Big Bad Lex wrote: Roostaroost wrote: At any one time, the first pawn will occupy one square. This leaves 80 open squares for the second pawn be on. That would be a total of 81x80= 6480.
Of course the first pawn could be located on any one of the 81 squares, so for each square there are 6480 game states, or 6480x81 = 524,880 game states total (on the open board with no fences).
I'm afraid not. The first pawn can only be placed in one of nine squares, the opponant in the opposite nine. Thats 81 perumations for turn 1. After that each pawn can in 2 (corner),3 (side) or 4 directions, or place a fence. Regardless, I'm struggling to see what this mathematical exercise achieves..
I had to look at this again, and I think we are both wrong.
According to the rules on the Quoridor website the first player's pawn and the second player's pawn have to start in the center of their base lines.
From here, you can imagine both players moving around the board and not placing any walls (I say more about this below). In this scenario you can see that the first pawn, at any time, can be located on any one of the 81 squares, and the second pawn therefore has the possibility of occupying any one of the other 80 squares. Consider every one of the first pawn's 81 options, and for each of those options the 80 that follow for the second pawn, and this is where I derived the 81x80=6480 possible game states for just 2 pawns on an open board. (I then said to multiply 6480 again by 81, but I think this is just wrong.)

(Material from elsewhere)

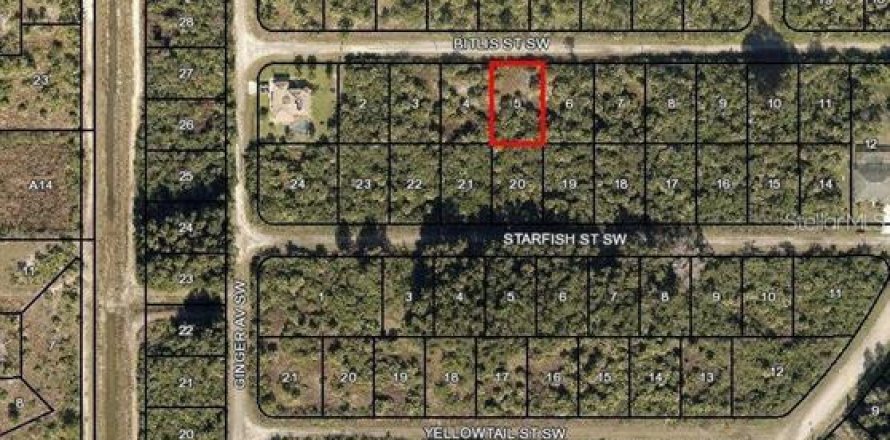 Land in Palm Bay, Florida № 2160672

One thing I forgot is that for each pawn there are nine squares that each result in a win when occupied.
Looking just at the first pawn, when it occupies any one of its nine winning squares, then the game is over and the second pawn can not be located on any one of the second pawn's winning squares. So, there have to be a number of possible game states subtracted from the total of 6480. I am going to try and tackle this, but hopefully someone more astute will be interested in this and beat me to it.
Of course I have to explain why I think this calculation is important, and elaborate on what I said above about imagining both players moving around a board and not placing fences.
In this scenario you have each player moving, perhaps progressing towards the goal, or perhaps moving close to the edge. A player moving towards the edge seems to be making a strange (or maybe I should just say bad) decision. You could get something that looks like this:
I think it is safe to say that no game would ever find itself in this position. I think most players will stay towards the center of the board and progress towards their goal, unless of course fences push them outwards. But, now that we have begun thinking about the game this way, it is possible for us to highlight one of the pointless possibilities and see that we never need to consider scenarios like this. That is to say, by thinking too hard about something that doesn't seem to matter, in the least we have highlighted an area of the game that we otherwise might not have considered and labeled it as unnecessary.
I think this approach (counting possibilities) is enlightening. Consider two highly skilled players who like to save their fences, or put another way, they like to respond to how their opponent fences. They don't like to make the first "fence move". Two players in this scenario might actually find themselves in a strange position like this, moving around the board and jockeying for position until they see an advantageous opening.